There is no author summary for this article yet. Authors can add summaries to their articles on ScienceOpen to make them more accessible to a non-specialist audience.
Abstract
Natural language processing (NLP) systems have been developed to provide access to
the tremendous body of data and knowledge that is available in the biomedical domain
in the form of natural language text. These NLP systems are valuable because they
can encode and amass the information in the text so that it can be used by other automated
processes to improve patient care and our understanding of disease processes and treatments.

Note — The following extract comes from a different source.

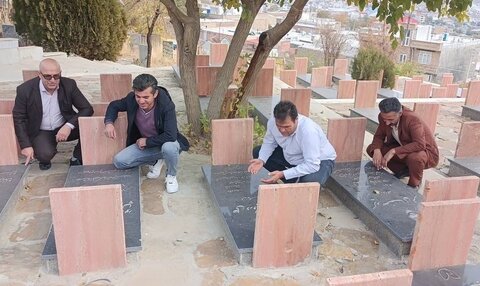 مراسم غبارروبی از مزار شهداء و تجدید پیمان با آرمانهای امام راحل(ره) در آذربایجانغربی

Zellig Harris proposed a theory of sublanguage that laid the foundation for natural
language processing in specialized domains. He hypothesized that the informational
content and structure form a specialized language that can be delineated in the form
of a sublanguage grammar. The grammar can then be used by a language processor to
capture and encode the salient information and relations in text. In this paper, we
briefly summarize his language and sublanguage theories. In addition, we summarize
our prior research, which is associated with the sublanguage grammars we developed
for two different biomedical domains. These grammars illustrate how Harris' theories
provide a basis for the development of language processing systems in the biomedical
domain. The two domains and their associated sublanguages discussed are: the clinical
domain, where the text consists of patient reports, and the biomolecular domain, where
the text consists of complete journal articles.